ロンドン為替見通し=ユーロに材料薄も、ドル安でユーロドルは底堅いか

 昨日のユーロドルは独・ユーロ圏の弱い景気指数が重しとなり、4日ぶりに反落した。昨日に発表された独・ユーロ圏の5月購買担当者景気指数(PMI)速報値は、製造業には引き続き安定化の兆しが見られたものの、サービス部門PMIは需要の落ち込みで予想を大幅に下回る結果となった。

 また、6会合連続で利下げを決定した4月の欧州中央銀行(ECB)理事会の議事要旨によると、当局者はインフレ率が中期的に目標値に戻り、インフレを巡る衝撃との闘いはほぼ終わったとの確信を強めたとし、短期的にはディスインフレの圧力が優勢になる可能性を指摘したことが明らかになった。また、一部の当局者は世界的な貿易戦争が将来的に物価上昇につながる可能性があると指摘したが、大多数の当局者は金融市場が過度の変動性を示しているときに予定されていた利下げを前倒しすることで必要な安定性が提供できるとの見解が示された。市場ではECBが6月5日の次回会合で追加利下げが決定されるとほぼ織り込んでいる。

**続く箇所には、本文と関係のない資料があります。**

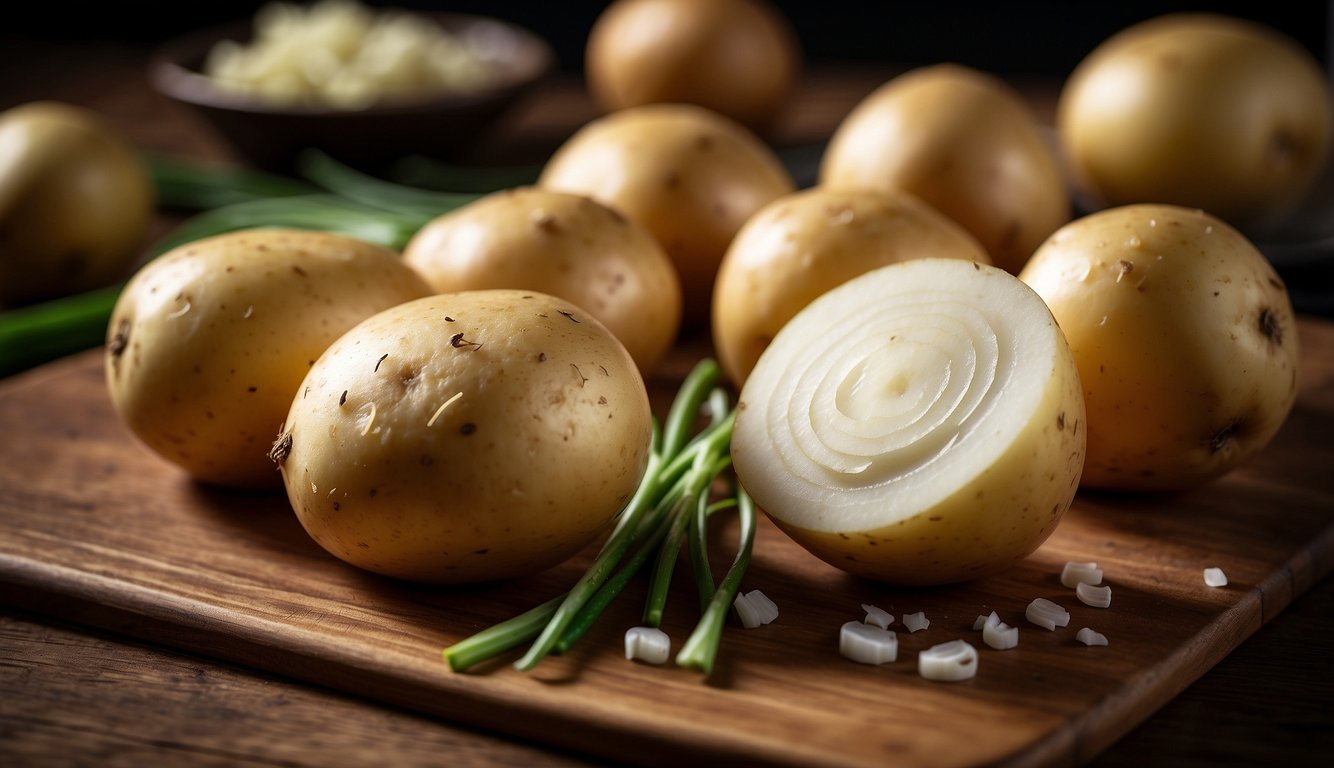 Potatoes and onions arranged on a cutting board with nutritional facts displayed in the background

 本日、ドイツで1-3月期GDPの発表が予定されているが、改定値の発表であり、速報値との振れが大きくなければユーロの反応は鈍いだろう。米政権と欧州連合(EU)の関税交渉関連のヘッドラインには引き続き注目。EUの欧州委員会は、米国との関税交渉が決裂した場合、最大950億ユーロ相当の米国からの輸入品に対抗措置を課すことを提案しているが、報復関税よりも交渉による解決を望むと繰り返している。一部報道によると、EUはトランプ米大統領が表明した関税を撤廃するための総合的な対策の一環として、米国産ロブスターの関税免除を延長することを検討していると伝わった。

 ユーロ独自に買い材料が乏しいが、依然としてドルに売り圧力が強く、ユーロドルは底堅い動きが見込まれる。昨日は米国の「トリプル安(株安・債券安・通貨安)」を巻き戻す動きが見られたが、トランプ政策に市場は厳しい目線が向けられている。トランプ米大統領の大型減税を盛り込んだ法案は下院では僅差で可決され上院に送られた。「米史上最大の減税」により経済成長の加速を狙うが、税収減による政府債務の膨張は不可避とみられる。米債の動き次第では「米国売り」の再燃が警戒される。ドル安地合いは変わらず、ユーロドルの支えとなる。

・想定レンジ上限
 ユーロドルは21日高値1.1363ドル、4月23日高値1.1440ドル。ユーロ円は日足一目均衡表・転換線163.51円、15日高値164.07円。

・想定レンジ下限
 ユーロドルは22日安値1.1256ドル、日足一目均衡表・転換線1.1224ドル。ユーロ円は22日安値161.81円、4月22日安値160.99円。